Thinking of taking a nap to break up the hours or to tackle the midday sluggishness?
Do you suffer from the mid-afternoon slump?
Did you enjoy a delicious meal only to nod off in a comfy chair?
Are you sleep-deprived or just looking for a way to relax?
Is there a change in how tired you are feeling?
Feel Like Napping:
Ask yourself why you need a nap. Daytime naps and their benefits may be just what you need.
An increase in tiredness could be a symptom of a few different health conditions. Anemia, stress, anxiety, or depression can make you feel more tired than regular. Or if you have a vitamin deficiency lacking in Vitamin D, vitamin B-12, iron, tiredness is a symptom. Long naps are associated with an increased risk of diabetes and depression.
Taking a brief nap during the day is an efficient way to cope with post-lunch tiredness. To catch up on lost sleep or to help you feel more alert for the afternoon. A rapid fall in energy can leave you less lively and struggling to focus. Making time for a nap if you experience fatigue or unexpected sleepiness is best.
If you find your concentration is wavering in the afternoon while working from home, try a nap on your lunch break. Putting a short sleep in your daily routine will give your body a health boost. You can benefit from quiet time in the middle of a hectic day.
Taking a nap also helps clear information out and lets areas of the brain recover. Naps are a natural way to recharge for the day.
Benefits of Napping:
Napping can make a difference in your day. Once you wake up from daytime naps, here are benefits:
- Reduces sleepiness
- Improves cognitive performance
- Boosts memory
- Clearer mind and alertness restored
- Concentrating becomes easier
- Attention span increases.
- Improves motor skills, accuracy, and reaction times
- Recovery from fatigue
- Ease stress
- Lift your mood and boost up higher energy levels
- Lower blood pressure
Naps of all lengths enhance body and mind. To reap most of the benefits, you must be mindful of the amount of time you plan to nap.

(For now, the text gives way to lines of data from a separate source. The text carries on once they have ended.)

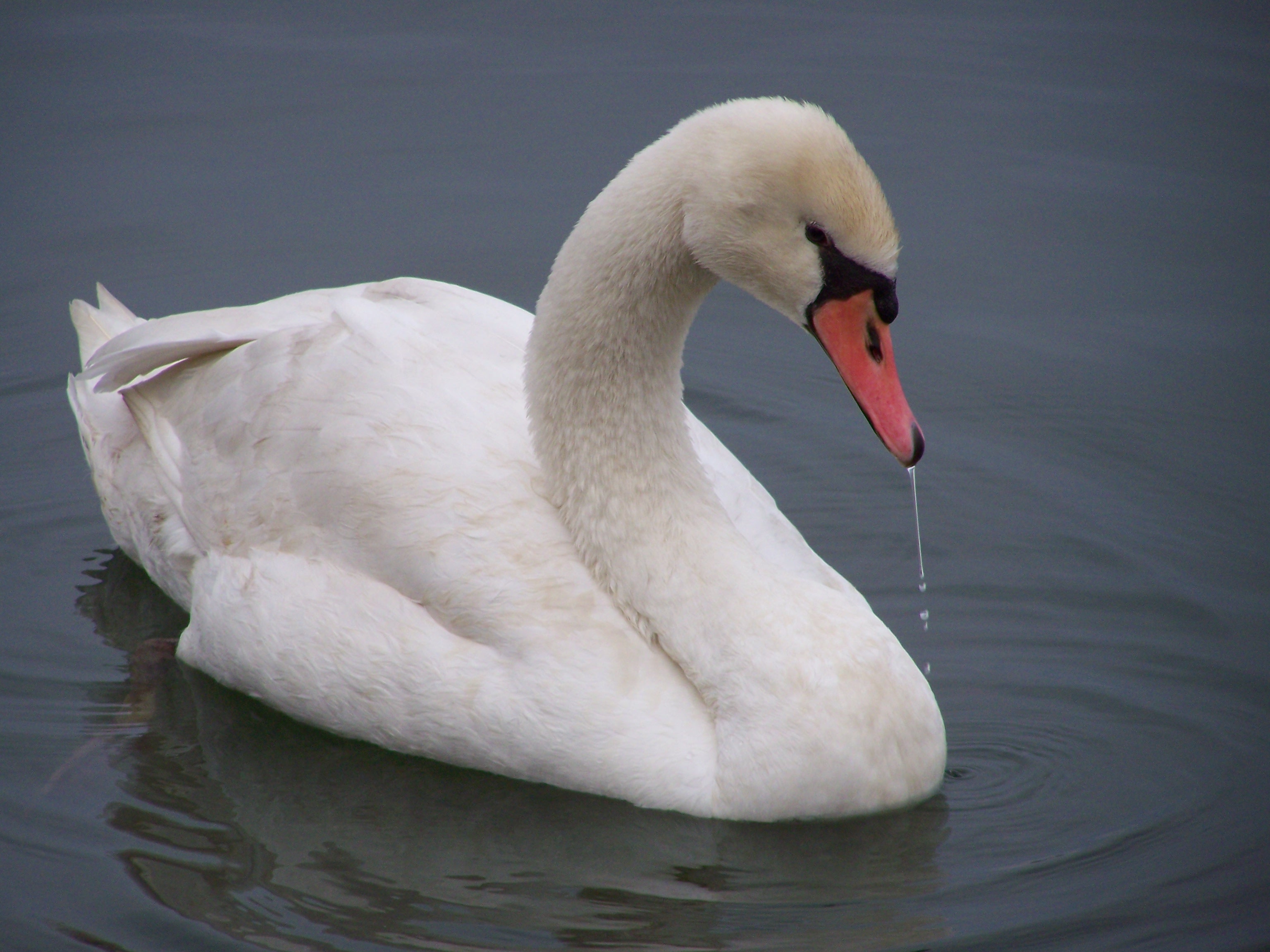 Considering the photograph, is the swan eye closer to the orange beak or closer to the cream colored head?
the cream colored head

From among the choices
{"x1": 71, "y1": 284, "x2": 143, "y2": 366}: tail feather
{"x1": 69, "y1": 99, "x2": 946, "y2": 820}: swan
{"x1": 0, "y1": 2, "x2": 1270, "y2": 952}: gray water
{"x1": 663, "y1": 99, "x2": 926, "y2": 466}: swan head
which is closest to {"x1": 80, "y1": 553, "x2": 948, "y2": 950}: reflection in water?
{"x1": 0, "y1": 2, "x2": 1270, "y2": 952}: gray water

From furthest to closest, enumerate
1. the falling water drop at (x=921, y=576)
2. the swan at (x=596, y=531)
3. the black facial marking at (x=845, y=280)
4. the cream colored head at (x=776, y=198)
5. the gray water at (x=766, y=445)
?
1. the falling water drop at (x=921, y=576)
2. the gray water at (x=766, y=445)
3. the swan at (x=596, y=531)
4. the black facial marking at (x=845, y=280)
5. the cream colored head at (x=776, y=198)

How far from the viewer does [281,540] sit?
6113 mm

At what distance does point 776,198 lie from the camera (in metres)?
5.10

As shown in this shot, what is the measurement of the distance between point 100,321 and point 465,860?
137 inches

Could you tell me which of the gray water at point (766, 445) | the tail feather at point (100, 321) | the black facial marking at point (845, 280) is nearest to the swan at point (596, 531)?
the black facial marking at point (845, 280)

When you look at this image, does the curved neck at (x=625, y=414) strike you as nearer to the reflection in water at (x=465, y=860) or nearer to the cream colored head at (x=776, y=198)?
the cream colored head at (x=776, y=198)

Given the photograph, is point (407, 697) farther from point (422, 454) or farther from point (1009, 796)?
point (1009, 796)

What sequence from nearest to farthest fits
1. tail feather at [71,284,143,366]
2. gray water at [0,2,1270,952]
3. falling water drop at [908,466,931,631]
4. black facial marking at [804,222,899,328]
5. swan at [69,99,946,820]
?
black facial marking at [804,222,899,328]
swan at [69,99,946,820]
gray water at [0,2,1270,952]
falling water drop at [908,466,931,631]
tail feather at [71,284,143,366]

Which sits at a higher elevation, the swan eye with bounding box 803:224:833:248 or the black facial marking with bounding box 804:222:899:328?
the swan eye with bounding box 803:224:833:248

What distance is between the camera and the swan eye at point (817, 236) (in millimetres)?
5102

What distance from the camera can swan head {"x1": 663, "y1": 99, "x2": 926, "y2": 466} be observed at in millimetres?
5023

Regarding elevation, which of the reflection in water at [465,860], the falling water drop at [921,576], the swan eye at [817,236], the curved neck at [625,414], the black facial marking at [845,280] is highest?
the swan eye at [817,236]

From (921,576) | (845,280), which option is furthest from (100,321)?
(845,280) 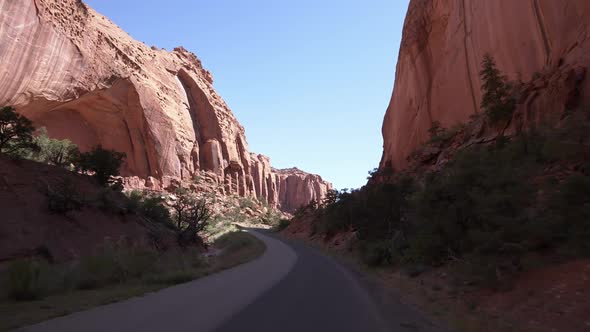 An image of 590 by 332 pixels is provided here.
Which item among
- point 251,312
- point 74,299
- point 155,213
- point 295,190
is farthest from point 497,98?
point 295,190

Keep naps short a 20 minute nap is the best length. This time range allows your mind and body to rest without entering the deeper sleep stages.
However, just a 10-minute nap in the afternoon can be enough to help you feel refreshed with significant performance improvements.
Midday naps are not for sleeping the day away. Remember that napping will never replace the function of getting adequate sleep at night.
Set a timer so that you do not nap for more than the required minutes. The alarm set lets you relax that you can wake as planned.
Wearing an eye mask, earplugs, settling in a quiet and comfortable place is helpful for daytime napping.